The girl stared at him with parted lips and the least look of fear in her eyes. Was he gone clean mad of a sudden?
But now the sound which had warned him of someone’s approach reached her ears as well. There were steps on the stairs, which at that alarming noise were instantly quickened. Yet ere they had reached the top La Boulaye was at the door vociferating wildly.
Into the room came the hostess, breathless and grinning with anxiety, and behind her came Guyot, who, startled by the din, had hastened up to inquire into its cause.
At sight of the Captain stretched upon the floor there was a scream from Mother Capoulade and an oath from the soldier.
“Mon Dieu! what has happened?” she cried, hurrying forward.
“Miserable!” exclaimed La Boulaye, with well-feigned anger. “It seems that your wretched hovel is tumbling to pieces, and that men are not safe beneath its roof.” And he indicated the broken plaster and the fallen lamp.
“How did it happen, Citoyenne-deputy?” asked Guyot; for all that he drew the only possible inference from what he saw.
“Can you not see how it happened?” returned La Boulaye, impatiently. “As for you, wretched woman, you will suffer for it, I promise you. The nation is likely to demand a high price for Captain Charlot’s injuries.”
“But, bon Dieu, how am I to blame?” wailed the frightened woman.
“To blame,” echoed La Boulaye, in a furious voice. “Are you not to blame that you let rooms in a crazy hovel?
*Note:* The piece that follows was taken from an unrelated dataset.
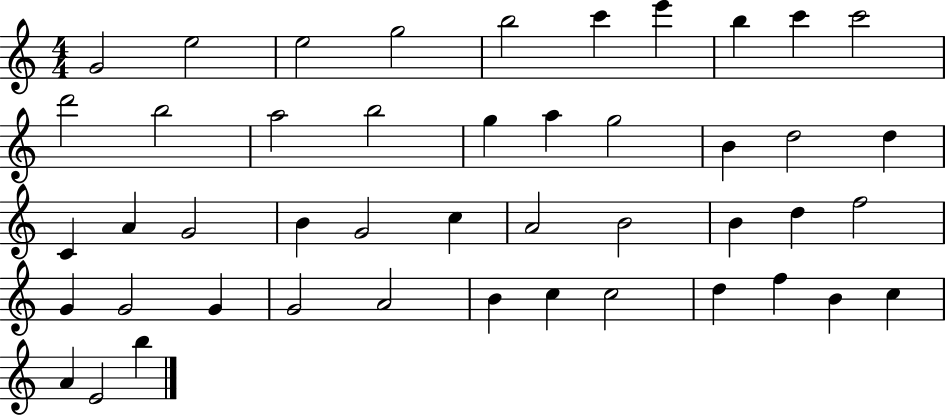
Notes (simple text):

Let them to emigres as much as you will, but if you let them to good patriots and thereby endanger their lives you must take the consequences. And the consequences in this case are likely to be severe, malheu
reuse.”
He turned now to Guyot, who was kneeling by the Captain, and looking to his hurt.
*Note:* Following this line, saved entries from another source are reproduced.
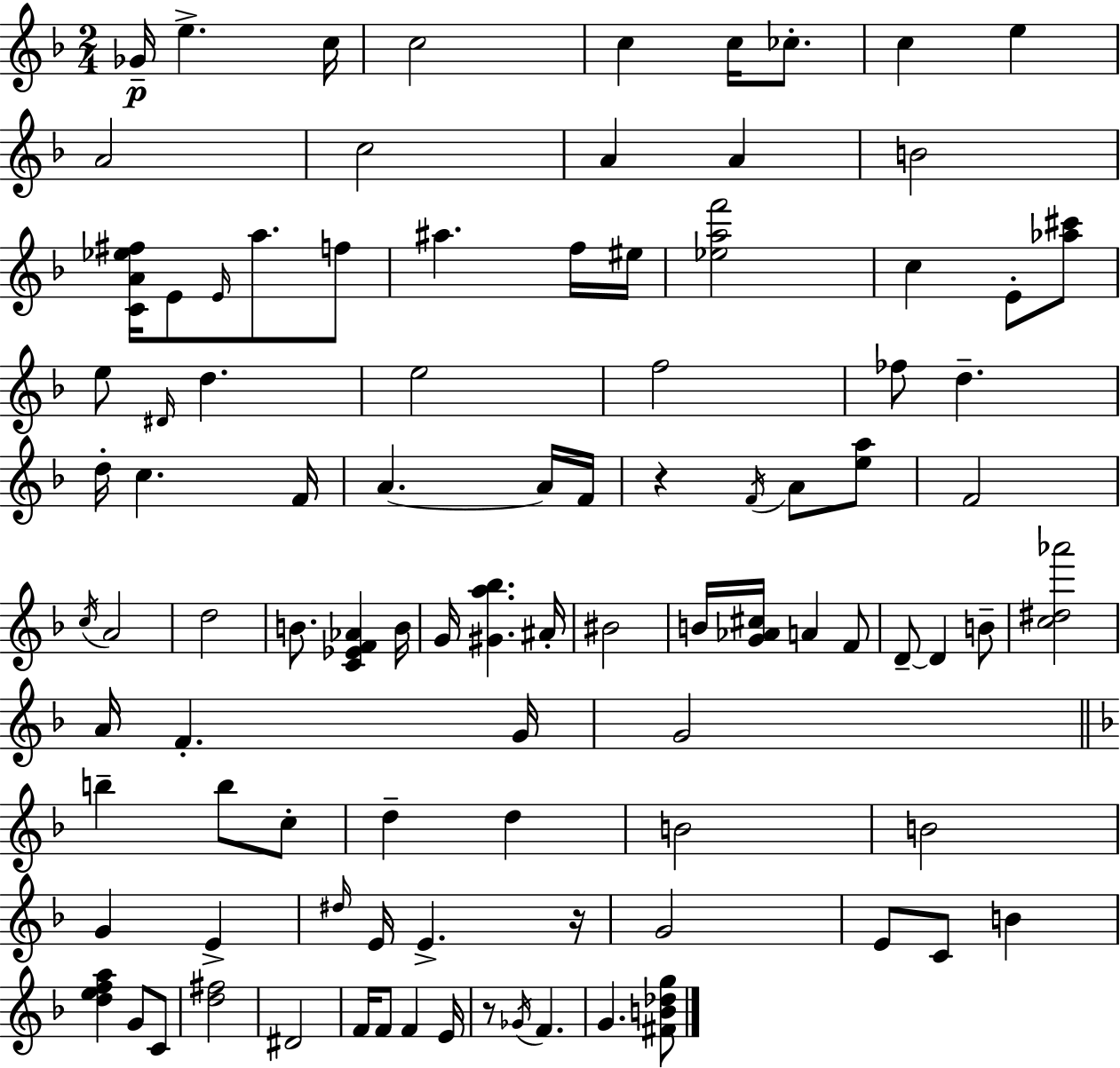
X:1
T:Untitled
M:2/4
L:1/4
K:Dm
_G/4 e c/4 c2 c c/4 _c/2 c e A2 c2 A A B2 [CA_e^f]/4 E/2 E/4 a/2 f/2 ^a f/4 ^e/4 [_eaf']2 c E/2 [_a^c']/2 e/2 ^D/4 d e2 f2 _f/2 d d/4 c F/4 A A/4 F/4 z F/4 A/2 [ea]/2 F2 c/4 A2 d2 B/2 [C_EF_A] B/4 G/4 [^Ga_b] ^A/4 ^B2 B/4 [G_A^c]/4 A F/2 D/2 D B/2 [c^d_a']2 A/4 F G/4 G2 b b/2 c/2 d d B2 B2 G E ^d/4 E/4 E z/4 G2 E/2 C/2 B [defa] G/2 C/2 [d^f]2 ^D2 F/4 F/2 F E/4 z/2 _G/4 F G [^FB_dg]/2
“Here, Guyot,” he commanded sharply, “reconduct the Citoyenne to her coach. I will perhaps see her again later, when the Captain shall have recovered consciousness. You, Citoyenne Capoulade, assist me to carry him to bed.”
Each obeyed him, Guyot readily, as became a soldier, and the hostess trembling with the dread which La Boulaye’s words had instilled into her. They got Charlot to bed, and when a half-hour or so later he recovered consciousness, it was to find Guyot watching at his bed-side. Bewildered, he demanded an explanation of his present position and of the pain in his head, which brought him the memory of a sudden and unaccountable blow he had received, which was the last thing that he remembered. Guyot, who had never for a moment entertained a doubt of the genuineness of the mise-en-scene La Boulaye had prepared, answered him with the explanation of how he had been struck by the falling lamp, whereupon Charlot fell to cursing lamps and crumblings with horrid volubility. That done he would have risen, but that La Boulaye, entering at that moment, insisted that he should remain abed.
“Are you mad?” the Deputy expostulated, “or is it that you do not appreciate the nature of your hurt? Diable! I have known a man die through insisting to be about with a cracked skull that was as nothing to yours.”
“Name of a name!” gasped Charlot, who in such matters was profoundly ignorant and correspondingly credulous. “Is it so serious?”
“Not serious if you lie still and sleep. You will probably be quite well by to-morrow. But if you move to-night the consequences may well be fatal.”
“But I cannot sleep at this hour,” the Captain complained. “I am very wakeful.”
“We will try to find you a sleeping potion, then,” said La Boulaye. “I hope the hosteen may have something that will answer the purpose. Meanwhile, Guyot, do not allow the Captain to talk. If you would have him well to-morrow, remember that it is of the first importance that he should have utter rest tonight.”